Maybe the comforts of home helped.

Flashing the level of play that vaulted her to No. 1 in the world not too long ago, Osaka had little trouble in defeating Astra Sharma of Australia 6-3, 6-4 on Wednesday — the first full day of play at the Miami Open.

Osaka is Japanese-born, calls California home now, but spent much of her youth in South Florida, basically just a few miles north of where the Miami Open is now held.

“I kind of consider this like my home tournament,” Osaka said, before her words got drowned out by more cheers and applause from fans. “This is the tournament that I loved coming to once a year. I’m just really happy to be back out here.”

It was Osaka’s first match since a March 12 loss at Indian Wells, where she was rattled by a derogatory shout from a spectator. If any similar thoughts were expressed by the fans who were watching Wednesday in a largely empty stadium court built over the field where the NFL’s Miami Dolphins play football, they either were ignored or unnoticed.

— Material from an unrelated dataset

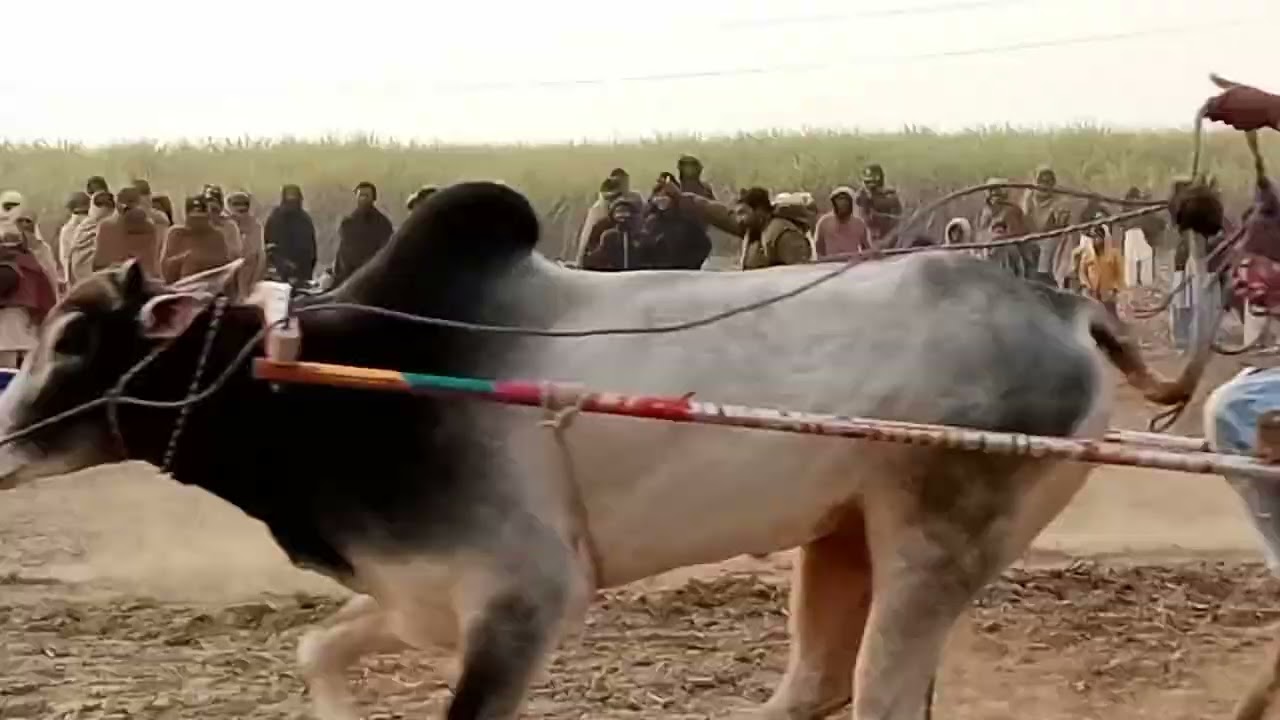 Bail jalsa in bahawalpur Pakistan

“Honestly, for me, I just didn’t want to let anything bother me today no matter what happened,” Osaka said. “The last match that I played was not the greatest memory for me.”

That’s when someone decided to yell from the stands: “We love you!”

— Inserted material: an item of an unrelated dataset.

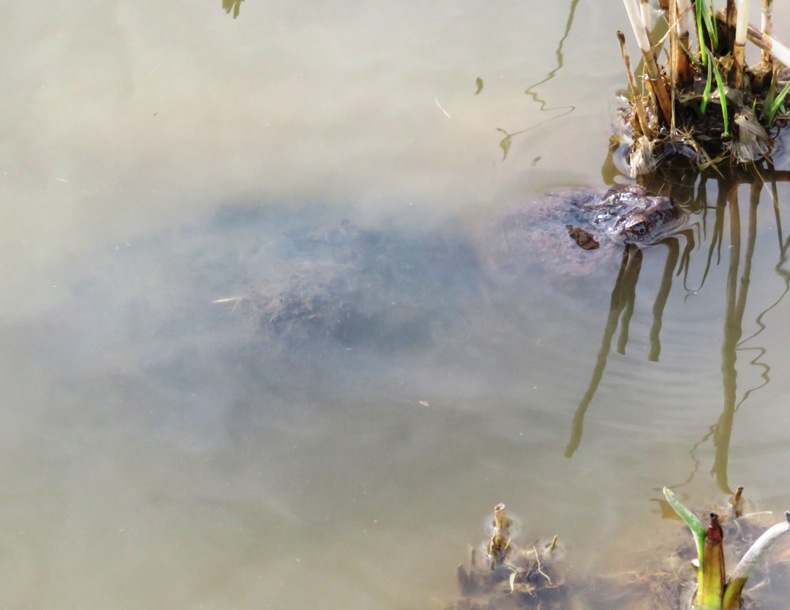 Snapping turtle with eyes just above the water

Osaka surely appreciated that sentiment.

Osaka will next face No. 13 seed Angelique Kerber of Germany — like Osaka, another former world No. 1 — in the second round. Kerber, like all 32 seeds in the 96-player singles field, had a bye out of the first round. Kerber is 4-1 head-to-head against Osaka.

Osaka improved to 7-2 this year, not counting a walkover loss at Melbourne in early January when she withdrew from an Australian Open warm-up event with an abdominal injury.

She’s ranked No. 77 in the world largely because she hasn’t entered many events in the past year, though among active players — if Ashleigh Barty is no longer considered one after her surprising retirement announcement — Osaka is the most recent to hold the No. 1 ranking. Barty supplanted her in the top spot on Sept. 9, 2019, and has held that ranking since.

Osaka has openly talked about struggling with depression and working on her mental health since winning the 2018 US Open over Serena Williams. She withdrew from last year’s French Open to tend to her mental health, left last year’s US Open in tears and was brought to tears again by the comment from a spectator at Indian Wells earlier this month.

“I just wanted to prove that I could come back out here and compete,” Osaka said.

Sharma entered ranked 96th in the world and fell to 3-8 in singles matches this year, with two of those wins coming in qualifying rounds.